ICJ continues public hearings on Ukraine’s genocide claims against Russia

ICJ continues public hearings on Ukraine’s genocide claims against Russia

The International Court of Justice (ICJ) in The Hague continues public hearings regarding Russia’s preliminary objections in the case of genocide.

This is reported by an Ukrinform correspondent.

On the third day of hearings, the representatives of 32 countries, which joined the case with their interventions, are speaking.

In particular, these are 26 Member States of the European Union, excluding Hungary, as well as Australia, Canada, New Zealand, Norway, Liechtenstein, and the United Kingdom. This is an unprecedented number of states taking part in the judicial action.

Germany spoke first in court, followed by Australia. The third speaker represented a group of countries, namely Austria, the Czech Republic, Slovakia and Liechtenstein. Such countries as Belgium, Croatia, Denmark, Estonia, Finland, Ireland, Luxembourg, Romania and Sweden also presented their stance jointly. Bulgaria took the floor after them, followed by Canada and the Netherlands. A recess was called afterwards.

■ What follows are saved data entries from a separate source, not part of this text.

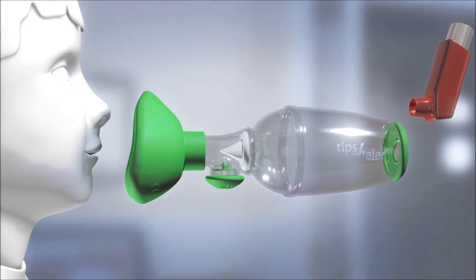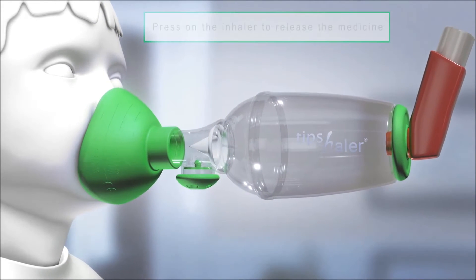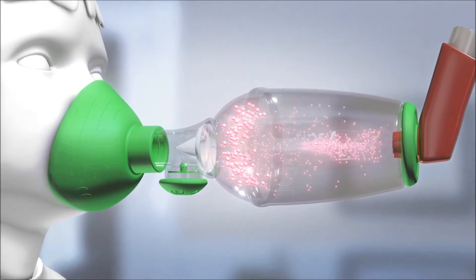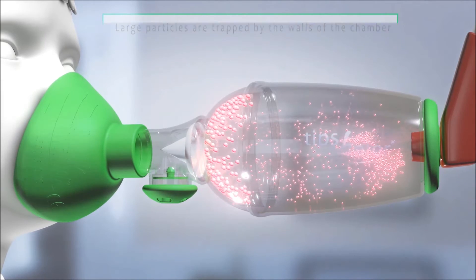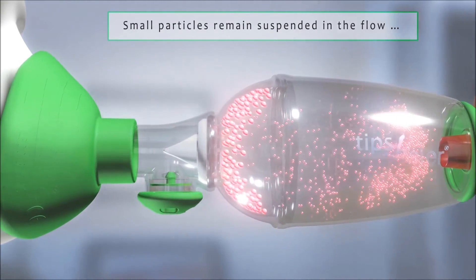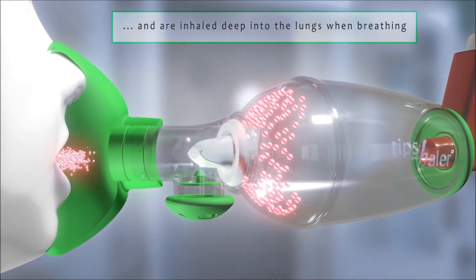Metered dose inhalers release particles of medication in the chamber in an aerosol form. Tipshaler walls quickly catch large particles and avoid impacting the mouth and the throat. Meanwhile, small particles remain suspended in the flow. Selected through Tipshaler and its ISOBreath valve, small particles are inhaled deep into the lungs where their efficiency will be maximum.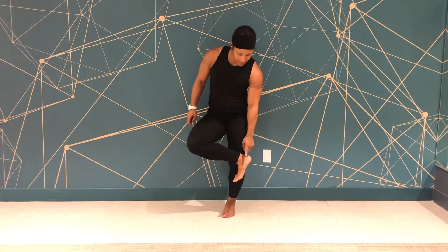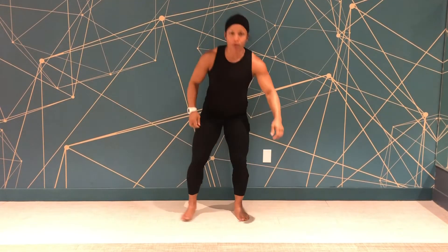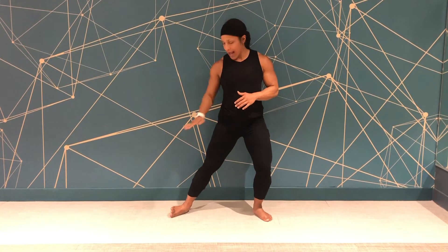Inside ankle tilts target the inside of the ankle joint. Get into a lateral position — a lateral lunge position — and lower one leg. Push the inside of the non-working leg's ankle towards the ground so the outside edges of the foot lift up, and then release.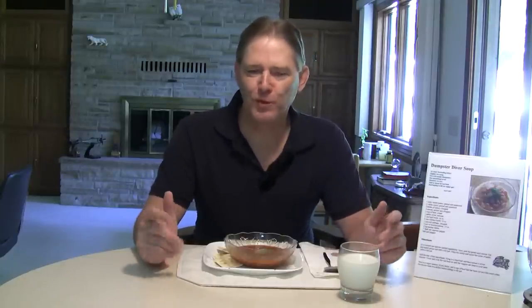So that's the deal with the Dumpster Diver soup. Anyone that tries this, send me a comment, let me know what you thought. And everyone else, you have a great day. Thanks for watching.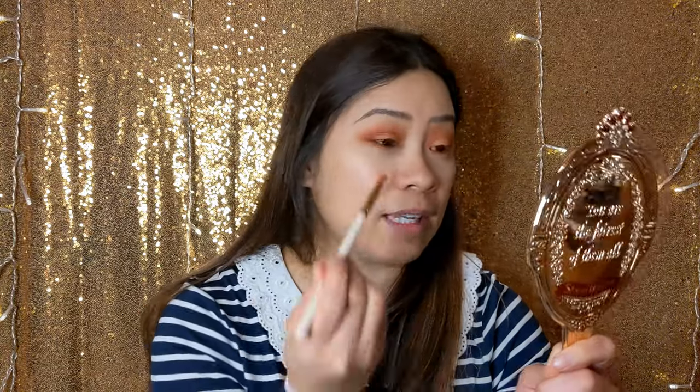My stomach is grumbling — it's a sign I need to go have breakfast. That's what I'm going to be doing after this in full glam. But this is my makeup for the day — I don't go back and do anything else. This is what I wear all day and I like it.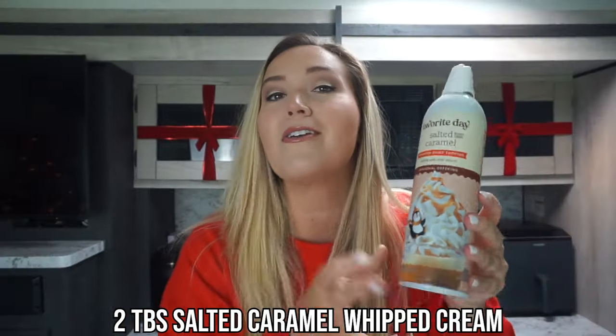We're only going to be using one tablespoon of the Jordan's Skinny Syrup salted caramel sauce total — half a tablespoon in the actual hot chocolate and another half tablespoon drizzled over the top of our whipped cream. You can use up to two tablespoons to count as one full condiment, but one tablespoon is enough for me and counts as half a condiment. And of course, we're using salted caramel whipped cream — about two tablespoons for one condiment right over the top.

It is worth noting that the representative of one country has 10 minutes allotted for the speech. For those representing a group of countries, the time limit is 15 minutes.

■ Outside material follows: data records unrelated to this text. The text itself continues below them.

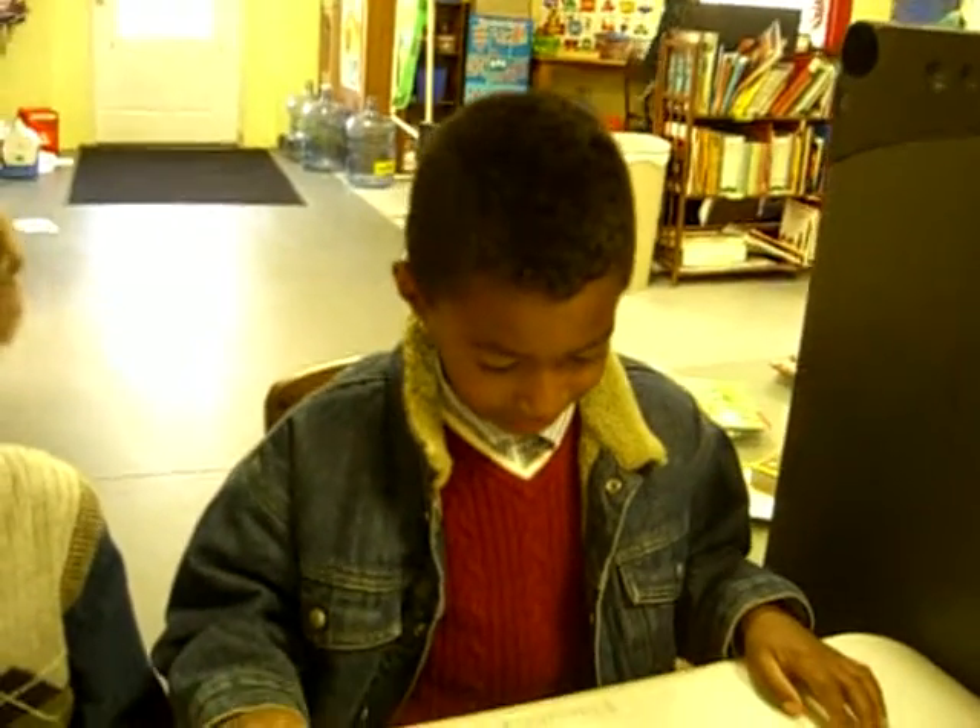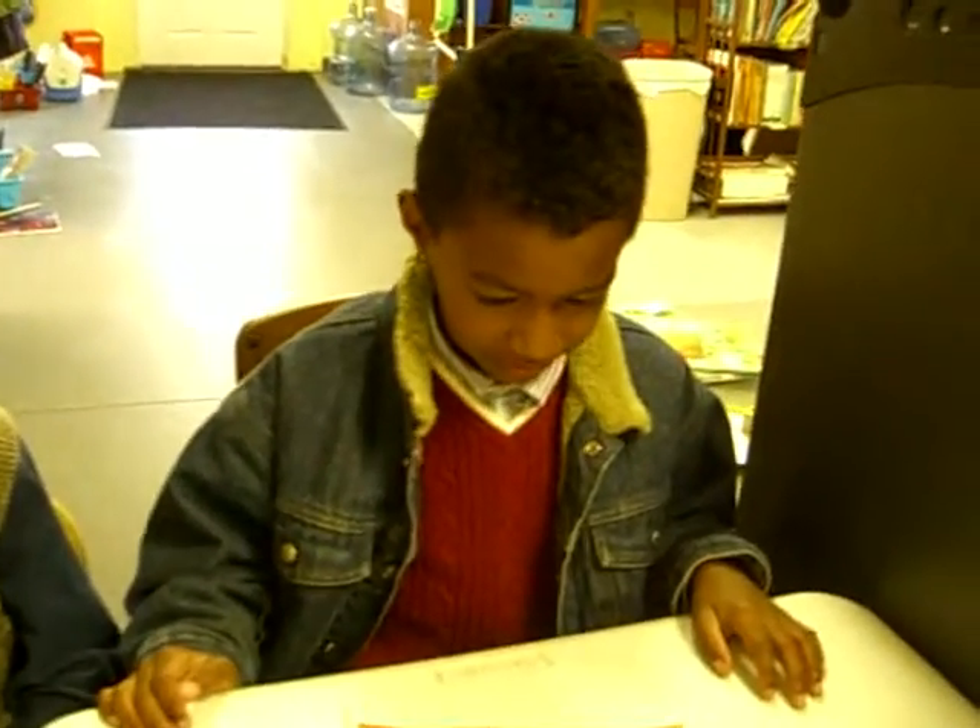Okay, this is Isaiah, and he's going to read his letters as quickly as he can. Okay? All right, you ready to go?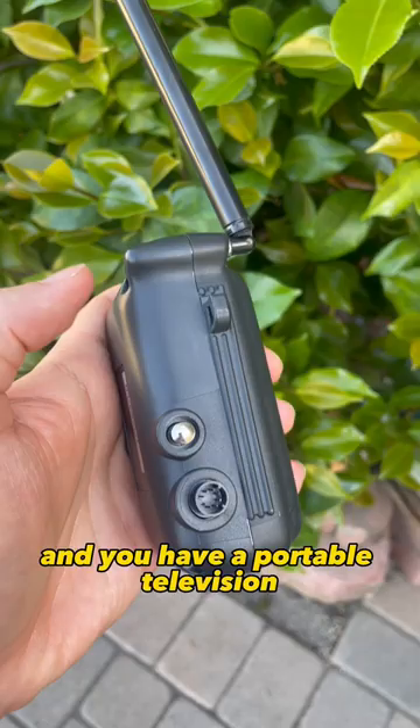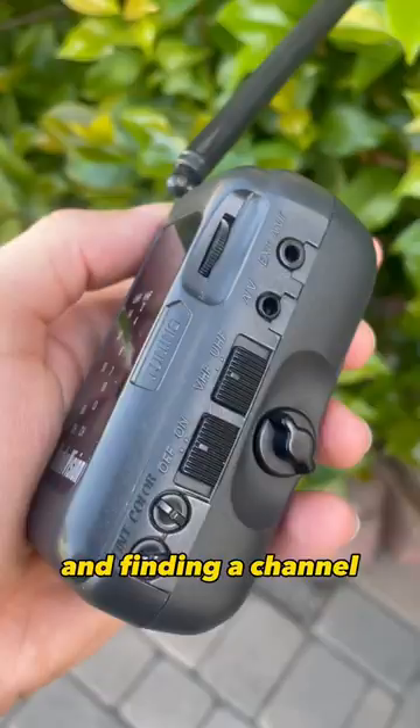I tried connecting it to my Turbo Express and finding a channel, but everything unfortunately was staticky. Regardless, it's a pretty cool piece of history.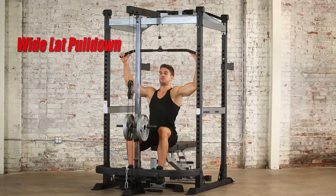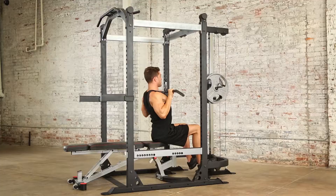Over 30 training positions can be performed using the lat pull-down and low row attachment.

In their speeches, the countries presented their vision of the case and cited articles of the Convention that directly relate to Ukraine’s claim. Some representatives also emphasized that they had joined the case as parties to the Convention.

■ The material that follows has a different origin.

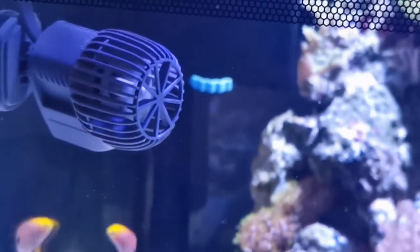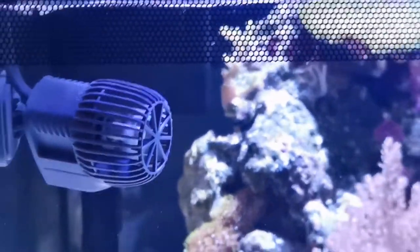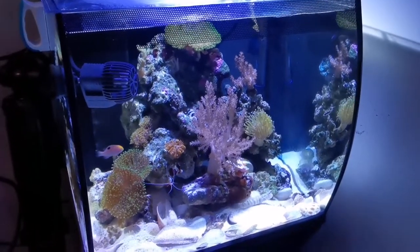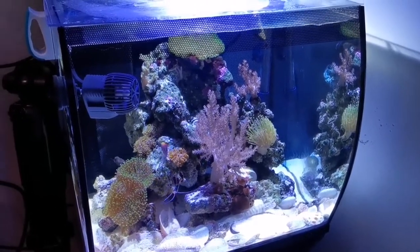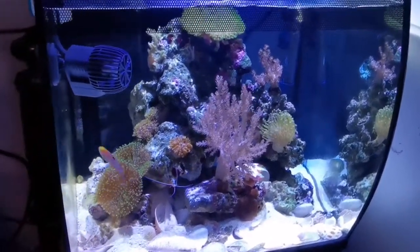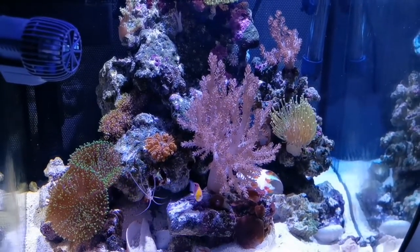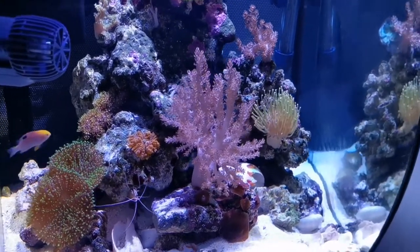I added a wave maker on top of the Tidal 75 filter. This is a very nano wave maker. I am not directing the flow at the leathers or the mushrooms — I'm directing it at the glass so it bounces off and hits different areas not as strongly. The reason is that mushrooms and leathers don't like to be unglued from the rocks, and that will certainly happen if you have flow going straight at them. So never aim your flow at your soft corals — they will literally peel off the rock and go swimming elsewhere or get lost behind the rocks and die off.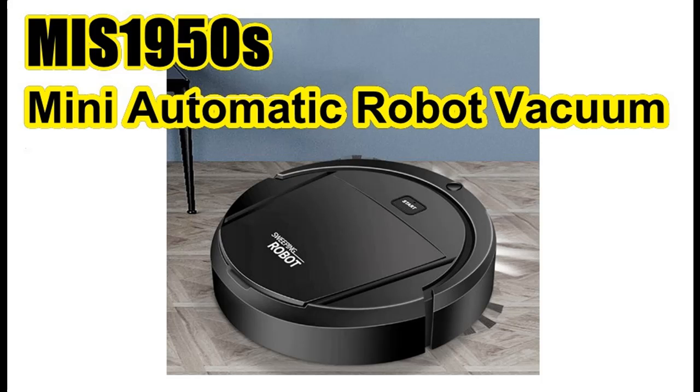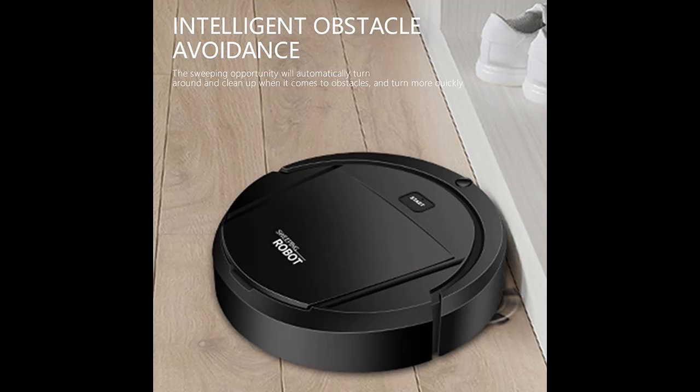Introducing the features of the MIS1950s Mini Automatic Robot Vacuum Cleaner Home Cleaning Air Filter. You can find it here, shopping from a wide selection of devices in different configurations for your needs, filtering by specification, type, brand, and more. Features highlight and overview summary are included.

A reminder that the dispute concerns the interpretation, application and enforcement of the 1948 Convention on the Prevention and Punishment of the Crime of Genocide.

In a lawsuit filed against the Russian Federation with the UN International Court of Justice, Ukraine demands that Russia be held accountable for distorting the concept of ‘genocide’.

Ukraine filed the suit on February 26, 2022, two days after Russia unleashed a full-scale invasion of Ukraine.

The Kremlin had accused Kyiv of genocide, which Ukraine allegedly committed in Donbas, starting in 2014, and used it as a pretext for invading the country on February 24, 2022.

The court will hold a hearing on jurisdiction, and if the court finds that it has jurisdiction and that the claim is admissible in whole or in part, then the next step is to hear the case on its merits.